Sendo um predador de topo, o lobo exerce vários efeitos sobre outros componentes e processos do ecossistema onde se insere: i) o efeito sanitário, uma vez que ataca preferencialmente animais doentes ou debilitados; ii) o controlo ou limitação dos efectivos das populações-presa; iii) a estimulação da produtividade das populações-presa; iv) a disponibilização de alimento para um grande número de espécies necrófagas, e v) a predação sobre mesopredadores (e.g. cães e outros carnívoros de pequeno/médio porte). Desta forma, alterações na presença, abundância e comportamento predatório do lobo, podem conduzir a mudanças na dinâmica populacional das suas populações-presa, e consequentemente através dum efeito cascata, reflectirem-se em todo o ecossistema.

Apesar da reduzida área de distribuição do lobo a nível nacional, este apresenta uma grande variedade de características ecológicas, reflexo das condições do habitat onde ocorre e da capacidade de adaptação deste carnívoro. Desta forma, nas serras do noroeste de Portugal (área de influência do Parque Nacional da Peneda-Gerês) o lobo baseia a sua alimentação nos elevados efectivos de equinos e bovinos pastoreados em regime de liberdade, o que faz com que esta região se verifiquem os maiores prejuízos económicos causados pela predação do lobo na pecuária, a nível nacional. Pelo contrário, no nordeste de Portugal (zona Este do Parque Natural de Montesinho), a grande disponibilidade em número e densidades de presas silvestres (javali, corço e veado) faz com que o lobo baseie a sua alimentação nestes ungulados, não consumindo praticamente animais domésticos. Na região central de Trás-os-Montes, verifica-se uma situação intermédia, onde o lobo se alimenta basicamente dos únicos ungulados comuns nesta região: o javali e os pequenos ruminantes (caprinos e ovinos). Na região a Sul do rio Douro o lobo também segue uma conduta ecológica semelhante, embora recorra de forma frequente às lixeiras e vazadouros, apresentando assim um acentuado comportamento necrófago.

Estatuto de conservação:
Segundo a UICN, o lobo apresenta a nível Mundial, desde 1996, o estatuto de “Baixo Risco”, com indicação de dependente de conservação para a Península Ibérica, que constitui um dos seus últimos redutos na Europa Ocidental.
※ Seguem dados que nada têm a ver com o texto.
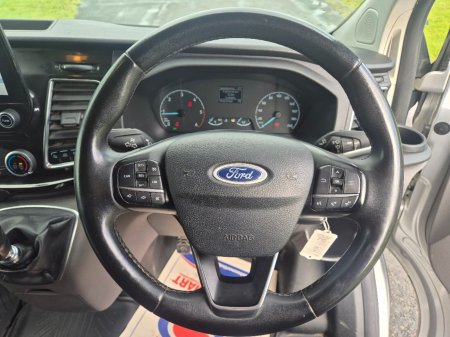 2023 Ford Transit Custom - photo 10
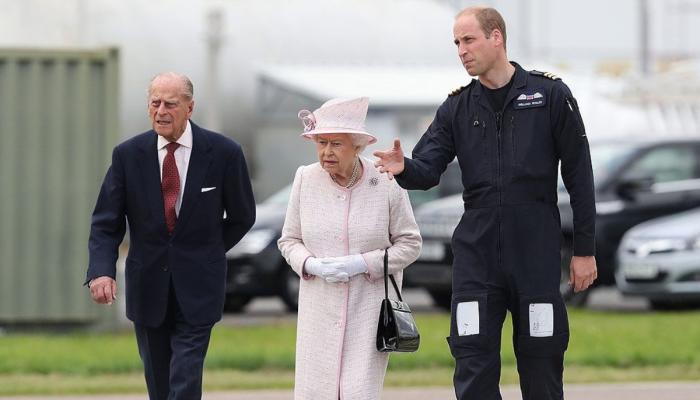 Prince William admits he deeply misses Queen Elizabeth, Prince Phillip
Em Portugal, o lobo está totalmente protegido desde 1988 (Lei 90/88 de 13 de Agosto, posteriormente regulamentada pelo Decreto-Lei 139/90 de 27 de Abril), sendo proibido o seu abate ou captura e a destruição ou deterioração do seu habitat. Há mais de uma década que o lobo é classificado como “Em Perigo de Extinção” no Livro Vermelho dos Vertebrados de Portugal e encontra-se ainda incluído no Anexo II da CITES (Convenção sobre o Comércio Internacional de Espécies de Fauna e Flora Selvagens Ameaçadas de Extinção) e no Anexo II da Convenção de Berna (Convenção Relativa à Conservação da Vida Selvagem e dos Habitats Naturais da Europa). A nível da Comunidade Europeia, o lobo é considerado uma espécie prioritária para a conservação segundo a Directiva Habitats.
Apesar de protegido, o lobo-ibérico enfrenta actualmente várias ameaças à sua sobrevivência, como sejam: i) a perseguição directa ilegal (principalmente através do tiro, veneno e laços) resultado da atitude negativa das populações rurais que convivem com o lobo; ii) a redução da disponibilidade de alimento (raridade das presas silvestres e diminuição dos efectivos pecuários); e iii) a crescente deterioração e fragmentação do seu habitat devido a incêndios ou à construção de infra-estruturas (e.g. redes viárias, barragens, parques eólicos).